The north’s ‘transport minister’ Erhan Arikli on Tuesday said the Turkish Cypriot authorities would begin to issue arrest warrants for people they accuse of using Turkish Cypriot property in the Republic without the original owners’ consent.
Speaking to Kibris Genc TV, he said there would be “some measures” taken in response to the recent arrests made of people accused of selling Greek Cypriot-owned property in the north.
“One of the measures we will take is to issue arrest warrants for those who use Turkish Cypriot properties in southern Cyprus, whether for rental or for normal use,” he said.
In addition, he said that the measures to be taken by the Turkish Cypriot authorities will be “tougher” than the arrest warrants issued so far by the Republic.
“Of course, the echo of these steps will be different, but no one will be able to blame us. When we open Varosha, no one will able to ask ‘why are you opening it?’,” he said, before pointing out the negative impact he expects the arrests to have on the enlarged meeting on the Cyprus problem set to take place in New York next month.
That meeting, he said, will be a “glorified holiday”, and said it will see the “last shreds of hope lost”.

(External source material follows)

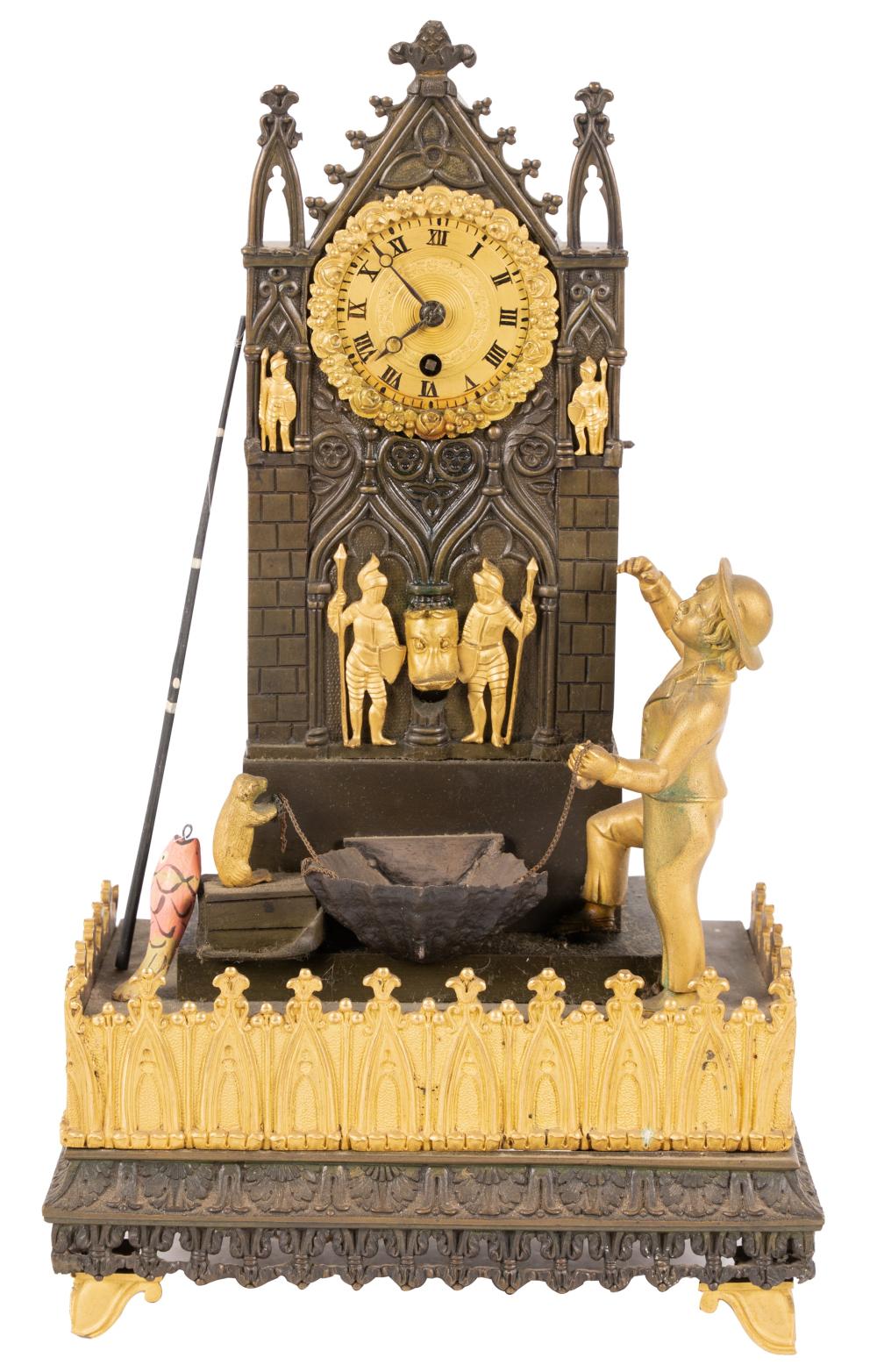 GILT METAL FIGURAL MANTEL CLOCKGilt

He also said the climate surrounding the arrests and the forthcoming Turkish Cypriot retaliation will have a negative impact on the crossing points.
“People on both sides were able to cross peacefully, and an economic balance was being achieved. This will also gradually disappear,” he said, before adding that previous hopes of opening new crossing points after March’s enlarged meeting in Geneva seem to have fallen by the wayside in light of the arrests.

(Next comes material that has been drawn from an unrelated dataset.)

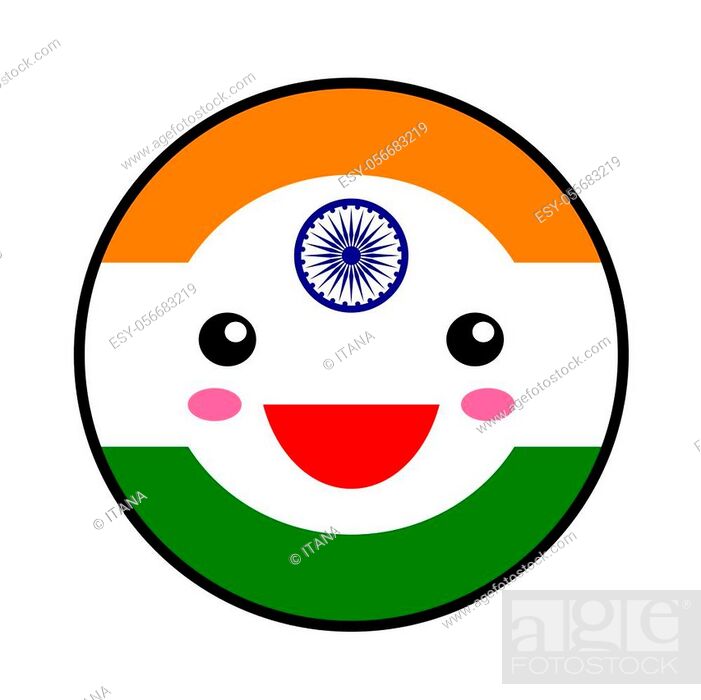 Kawaii India flag smile. Flat style. Cute cartoon isolated fun design  emoticon face, Stock Vector, Vector And Low Budget Royalty Free Image. Pic.  ESY-056683219 | agefotostock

“After these arrests, we see that these crossing points will perhaps no longer be necessary. Even the existing crossing points can be narrowed, because we have only seen the start of these sanctions. If they deepen further, people will become hesitant to cross to the south. This will make opening new crossing points meaningless,” he said.

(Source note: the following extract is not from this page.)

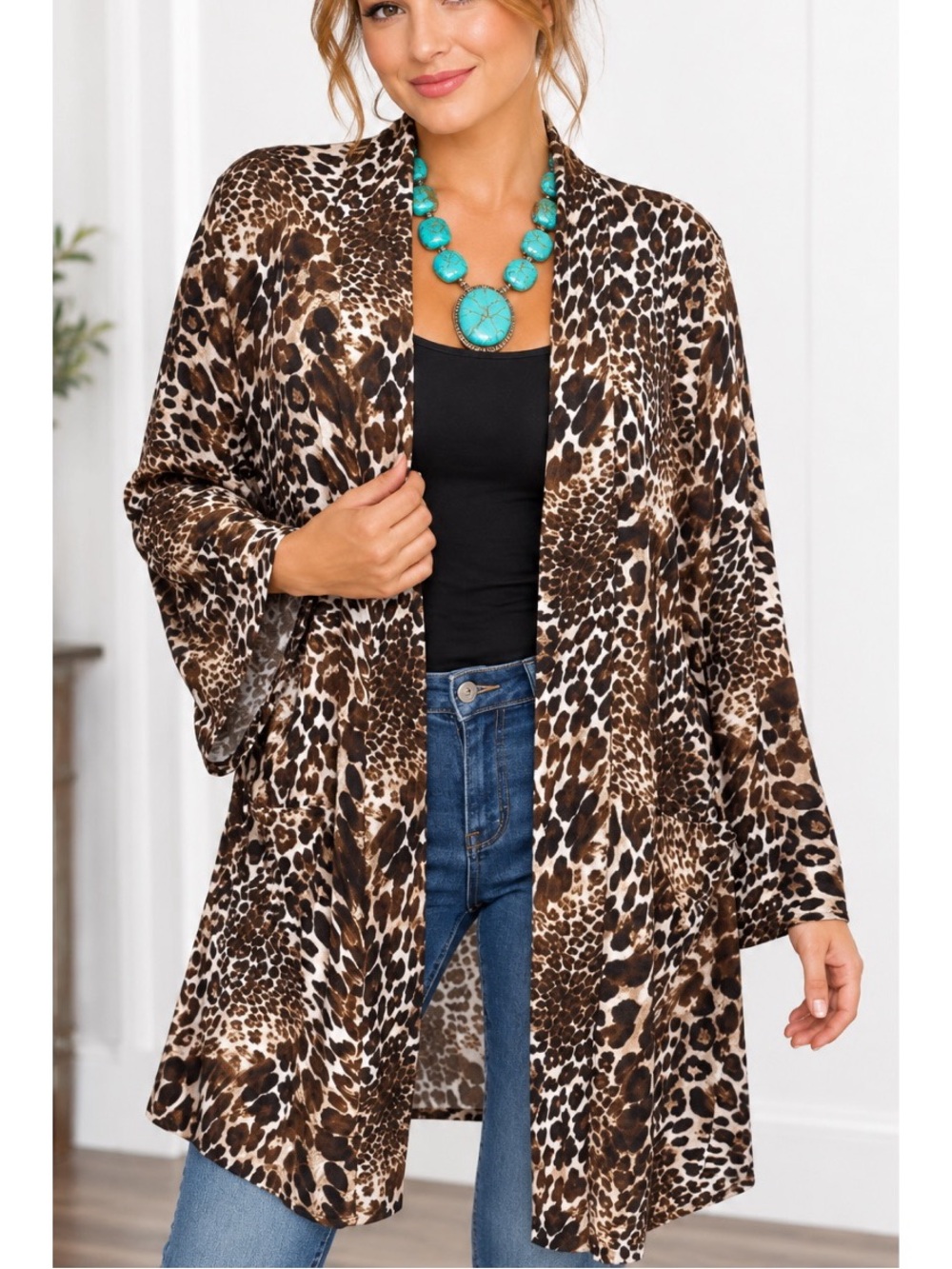 MOA USA Leopard Print Open Front Cardigan Shawl with pockets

Arikli’s comments come after his ‘prime minister’ Unal Ustel had on Sunday accused President Nikos Christodoulides of having an “aggressive, terroristic attitude” on the matter of property.
“The Greek Cypriot leadership, which used to say years ago that ‘if we reach an agreement for a solution with the poor Turkish Cypriots, we will pay the economic price’, is now afraid of our economic standing,” he said.
Therefore, he said, “the attack on property rights launched against investors in the TRNC under the instructions and guidance of Christodoulides has been carried out for precisely this reason”.
Last week, government spokesman Konstantinos Letymbiotis had insisted the arrests are not political, telling journalists that “the Republic of Cyprus is acting within the framework of the rule of law, and the arrests for the usurpation of property concern the protection of basic human rights”.
Then asked whether it would be better for there to be a moratorium on such prosecutions so that they do not “come at the expense of talks on the Cyprus issue”, he said that “impunity for violations of property or human rights cannot be a condition, inside or outside of quotation marks, for talks or for an alleged indication of goodwill”.
Turkish Cypriot opposition political party the CTP’s foreign relations secretary Fikri Toros told the Cyprus Mail that Turkish Cypriots have been rendered “anxious, intimidated, and threatened” by the arrests.
Christodoulides last week said the arrests “will certainly not stop, no matter what Tatar says”, adding that “illegality cannot be justified in any way”, but also somewhat distanced himself from the arrests, insisting that “we do not interfere in the judiciary”.
Two Hungarian nationals were handed prison sentences over the matter last month, with the pair having admitted to promoting and advertising the sale of houses near Kyrenia on the internet.
Meanwhile, the case of a German national who reportedly spoke about selling property in the north to Elam MEP Geadis Geadi during a flight to Larnaca is ongoing and arrest warrants have been issued for four Turkish nationals in connection with developments in the Famagusta district village of Lefkoniko.